Il softair non prevede l'utilizzo di armi.
Le repliche/ASG ammesse per la pratica del Softair sono liberamente acquistabili, utilizzabili e/o detenibili dagli atleti, purché rispondenti alla definizione tecnica e ai requisiti fissati dalla Legge. Le ASG per la loro intrinseca modalità di costruzione e per la fragilità dei materiali impiegati non sono nel modo più assoluto trasformabili in armi da fuoco, nemmeno volendo.
In definitiva il softair:
- è una disciplina sportiva sia di squadra che individuale, avente la finalità di incentivare il benessere, lo sviluppo e la tutela sia fisica che culturale degli Atleti che la svolgono, attraverso una specifica e costante attività teorica, pratica ed educativa promuovente le qualità fisiche, morali ed intellettuali proprie di ciascuno dei suoi praticanti.
- è una disciplina che coordina le sue finalità sportive innanzitutto con i principi fondamentali dell’amicizia e della solidarietà, senza distinzione di sesso, razza, religione, nazionalità e ceto socio-culturale, parimenti accogliendo il pieno rispetto delle norme dell’Ordinamento Generale dello Stato Italiano e degli Stati da esso riconosciuti.
- è una disciplina che rifiuta ogni forma e tipo di violenza nonché l’ideologia della guerra mai intesa come primaria fonte ispiratrice bensì solo come circostanza storica e dimensione tecnologica. In questo senso ogni Associazione di Softair degna di questo nome rifiuta di caratterizzarsi con simboli e denominazioni identificativi di reparti, gruppi, associazioni e formazioni militari, para-militari e/o politiche reali, siano esse attuali che del passato.
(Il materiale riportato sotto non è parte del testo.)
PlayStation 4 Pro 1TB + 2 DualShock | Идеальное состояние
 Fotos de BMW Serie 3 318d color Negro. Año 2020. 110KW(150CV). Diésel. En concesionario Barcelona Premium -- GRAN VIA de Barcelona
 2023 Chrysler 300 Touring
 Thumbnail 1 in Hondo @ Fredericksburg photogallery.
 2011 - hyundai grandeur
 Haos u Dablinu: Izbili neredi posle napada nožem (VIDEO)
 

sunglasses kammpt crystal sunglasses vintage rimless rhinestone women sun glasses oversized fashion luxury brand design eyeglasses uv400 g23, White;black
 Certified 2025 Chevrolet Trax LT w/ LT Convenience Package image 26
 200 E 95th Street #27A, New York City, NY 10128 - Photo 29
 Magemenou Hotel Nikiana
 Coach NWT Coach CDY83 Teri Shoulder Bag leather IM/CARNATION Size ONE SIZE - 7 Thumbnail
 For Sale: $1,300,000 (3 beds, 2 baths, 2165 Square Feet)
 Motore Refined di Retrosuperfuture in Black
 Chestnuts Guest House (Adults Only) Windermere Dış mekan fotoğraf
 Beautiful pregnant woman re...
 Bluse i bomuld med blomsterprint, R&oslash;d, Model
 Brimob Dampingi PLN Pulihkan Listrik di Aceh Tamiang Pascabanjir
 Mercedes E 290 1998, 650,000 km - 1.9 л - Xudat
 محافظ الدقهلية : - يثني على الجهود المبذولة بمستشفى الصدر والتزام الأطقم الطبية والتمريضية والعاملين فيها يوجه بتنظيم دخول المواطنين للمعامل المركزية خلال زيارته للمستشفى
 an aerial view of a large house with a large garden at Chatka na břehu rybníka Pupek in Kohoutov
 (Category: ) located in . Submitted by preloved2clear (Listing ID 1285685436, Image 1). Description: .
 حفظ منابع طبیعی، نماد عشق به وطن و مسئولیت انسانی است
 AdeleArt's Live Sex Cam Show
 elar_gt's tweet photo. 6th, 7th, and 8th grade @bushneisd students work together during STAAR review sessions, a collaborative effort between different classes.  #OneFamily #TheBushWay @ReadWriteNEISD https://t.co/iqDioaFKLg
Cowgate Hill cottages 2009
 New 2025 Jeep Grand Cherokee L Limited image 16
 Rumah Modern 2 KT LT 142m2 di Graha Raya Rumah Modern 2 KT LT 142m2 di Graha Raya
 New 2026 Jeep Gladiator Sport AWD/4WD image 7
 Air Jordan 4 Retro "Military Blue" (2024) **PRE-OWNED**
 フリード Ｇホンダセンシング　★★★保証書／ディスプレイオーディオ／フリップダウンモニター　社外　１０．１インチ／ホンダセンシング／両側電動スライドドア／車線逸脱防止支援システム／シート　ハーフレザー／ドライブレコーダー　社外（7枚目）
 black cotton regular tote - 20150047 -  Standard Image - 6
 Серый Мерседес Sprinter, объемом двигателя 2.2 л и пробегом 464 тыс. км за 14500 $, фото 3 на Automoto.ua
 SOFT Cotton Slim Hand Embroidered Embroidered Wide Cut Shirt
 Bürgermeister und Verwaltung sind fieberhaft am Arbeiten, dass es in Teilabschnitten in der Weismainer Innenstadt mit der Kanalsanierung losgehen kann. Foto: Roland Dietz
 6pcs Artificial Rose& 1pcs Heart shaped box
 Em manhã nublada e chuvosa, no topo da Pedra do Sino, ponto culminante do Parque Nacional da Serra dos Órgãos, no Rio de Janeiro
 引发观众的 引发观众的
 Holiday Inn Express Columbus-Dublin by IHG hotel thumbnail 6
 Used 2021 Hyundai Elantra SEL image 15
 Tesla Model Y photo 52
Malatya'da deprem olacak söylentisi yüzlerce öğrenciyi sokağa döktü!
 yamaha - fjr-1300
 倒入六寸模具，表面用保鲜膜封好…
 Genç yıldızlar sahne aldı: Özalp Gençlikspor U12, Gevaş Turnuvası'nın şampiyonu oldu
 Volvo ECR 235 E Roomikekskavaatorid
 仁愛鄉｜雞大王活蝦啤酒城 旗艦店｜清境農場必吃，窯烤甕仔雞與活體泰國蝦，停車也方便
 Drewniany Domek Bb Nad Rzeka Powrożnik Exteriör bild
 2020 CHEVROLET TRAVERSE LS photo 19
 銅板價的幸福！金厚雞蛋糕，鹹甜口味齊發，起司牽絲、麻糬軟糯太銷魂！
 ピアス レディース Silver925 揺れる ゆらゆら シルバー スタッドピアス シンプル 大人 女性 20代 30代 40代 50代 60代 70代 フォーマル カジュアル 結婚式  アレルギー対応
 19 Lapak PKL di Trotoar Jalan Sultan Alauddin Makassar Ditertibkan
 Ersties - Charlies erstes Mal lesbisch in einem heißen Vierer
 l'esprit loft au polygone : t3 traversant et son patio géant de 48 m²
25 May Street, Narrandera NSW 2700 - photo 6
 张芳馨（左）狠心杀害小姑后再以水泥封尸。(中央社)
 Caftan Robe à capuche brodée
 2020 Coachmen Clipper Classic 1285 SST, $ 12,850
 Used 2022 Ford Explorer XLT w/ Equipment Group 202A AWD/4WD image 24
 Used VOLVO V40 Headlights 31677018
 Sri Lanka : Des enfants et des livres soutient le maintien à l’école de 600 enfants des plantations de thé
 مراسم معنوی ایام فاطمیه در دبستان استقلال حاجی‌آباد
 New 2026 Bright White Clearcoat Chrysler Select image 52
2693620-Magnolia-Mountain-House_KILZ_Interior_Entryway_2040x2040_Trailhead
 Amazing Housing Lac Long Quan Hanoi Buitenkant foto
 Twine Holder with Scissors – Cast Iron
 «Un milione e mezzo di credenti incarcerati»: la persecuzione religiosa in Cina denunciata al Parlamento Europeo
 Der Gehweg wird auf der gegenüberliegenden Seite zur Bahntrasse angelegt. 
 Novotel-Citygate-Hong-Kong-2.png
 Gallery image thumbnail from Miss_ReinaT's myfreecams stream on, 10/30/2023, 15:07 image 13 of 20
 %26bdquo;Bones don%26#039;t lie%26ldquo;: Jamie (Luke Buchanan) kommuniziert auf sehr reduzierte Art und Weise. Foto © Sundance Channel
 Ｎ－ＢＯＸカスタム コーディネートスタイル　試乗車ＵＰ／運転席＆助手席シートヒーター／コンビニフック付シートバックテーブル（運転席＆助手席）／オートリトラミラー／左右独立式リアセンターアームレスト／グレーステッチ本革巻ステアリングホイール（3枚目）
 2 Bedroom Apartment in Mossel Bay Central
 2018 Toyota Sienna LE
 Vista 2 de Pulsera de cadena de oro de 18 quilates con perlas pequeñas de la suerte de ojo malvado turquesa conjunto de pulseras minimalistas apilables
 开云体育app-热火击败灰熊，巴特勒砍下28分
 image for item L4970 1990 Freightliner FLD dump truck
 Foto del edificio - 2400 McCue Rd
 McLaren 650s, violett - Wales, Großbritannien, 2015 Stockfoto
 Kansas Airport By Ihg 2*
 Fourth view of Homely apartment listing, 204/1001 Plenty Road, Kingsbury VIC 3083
- è svolto prevalentemente all’aria aperta ed i suoi praticanti condividono senza eccezione alcuna l’obbligo del rispetto totale della natura e dell’ambiente, non solo evitando di contaminarlo, inquinarlo e/o deturparlo, ma anche prodigandosi per la sua difesa rispetto a qualunque forma di aggressione e con ogni forma di azione e collaborazione che si rendesse possibile e/o necessaria.
- accoglie i valori basilari dello sport quali la lealtà ed il fairplay, specie nelle occasioni competitive dove deve essere costantemente promosso da tutti il miglior rispetto delle regole generali e tecniche di questo sport nonché l’imparzialità delle valutazioni che si rendessero necessarie, per garantire sempre un confronto sereno e leale tra gli Atleti atto a tutelare, valorizzare ed autenticare la loro prestazione atletica e sportiva.
- viene riconosciuto come "attività sportiva non agonistica" da numerosi enti di promozione sportiva legati al CONI.